Interview: Dr Anders Drachen, Professor At The University Of York.

'No single innovation has an impact on its own, rather it is the emergence of an ecosystem of technological breakthroughs combined with business models'


Ahead of the Big Data Innovation Summit in London this March, we had a quick chat with Dr Anders Drachen from the University of York.

Dr Drachen is a Professor at the Digital Creativity Labs with the university and a veteran of behavioral analytics and business intelligence in the Games Industry. With a background in industry and academia, he is the most published data scientist worldwide on game analytics and an editor of ground-breaking books that have become standard references. His research has won multiple awards and is covered by international media.

Fun fact: For reasons known only to them, sharks have tried eating him thrice.

What changes have you seen in how big data is viewed in society?

From the perspective of the interactive entertainment industry that I work in, the past decade has seen incredible innovations and the introduction of new technologies and business models at a rapid pace. For the whole creative industries ecosystem, big data has seen widespread adoption from customers to companies. Games are interesting in that we often have a high degree of interest in data from the end users. For example, in esports, performance data of professional teams, leagues and the individual player have a strong interest. I see this interest in engaging with big data becoming more mainstream and widespread through society.

Which emerging technology has the potential to change big data the most?

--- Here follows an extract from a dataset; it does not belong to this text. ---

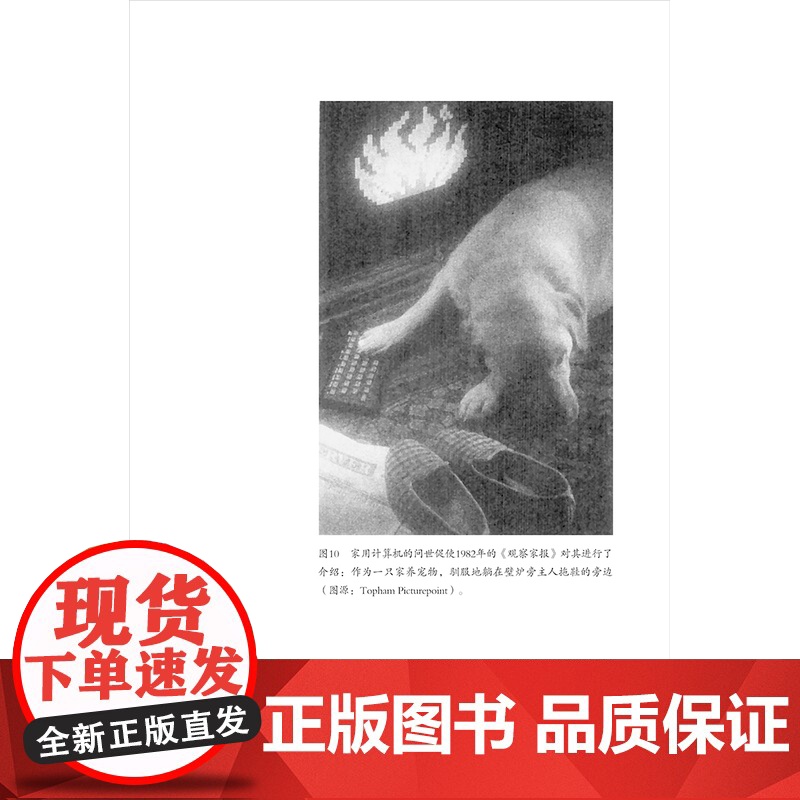 设计与时代译丛03 野性之物:日常生活中的物质文化高清大图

It is hard to pin down a specific technology as having the largest potential to impact big data as most technologies are heavily interwoven with others. For example, pointing to new distributed sensor systems comes interlaced with the technology to process the data from them. No single innovation has an impact on its own, rather it is the emergence of an ecosystem of technological breakthroughs combined with business models that permit us to take advantage of them, which has had and continues to have the potential to impact big data the most.

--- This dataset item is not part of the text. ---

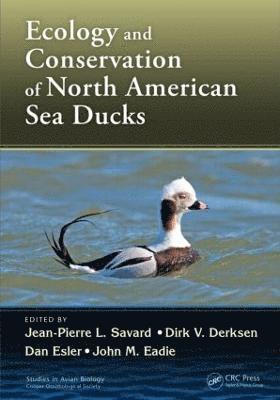 Ecology and Conservation of North American Sea Ducks 1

What are the main challenges that we currently face within data?

There are many challenges being faced across academia and industry in terms of taking advantage of the data flood-stream we are experiencing. If I should single out one corner of the data ecosystem, a central challenge we have is deepening business intelligence maturity across companies and organizations, enabling everyone to take advantage of data. This challenge is not only technological in nature but very much requires us to consider the human side of the equation. It remains one of the hardest problems to solve at scale towards building deep maturity across any data-informed sector.

And what can the audience expect to take away from your presentation in London?

The central point of my talk will be that when faced with overwhelming data about users, adopt the standpoint of condensing the data into a format where they are useful to you. Profiles is one such tool. This requires identifying the right data to work with and sacrificing detail, but can be a great way to enable taking action on user behavior. I will be presenting a number of small examples from digital games about how behavioral profiling is used and attempt to put different approaches into a coherent framework.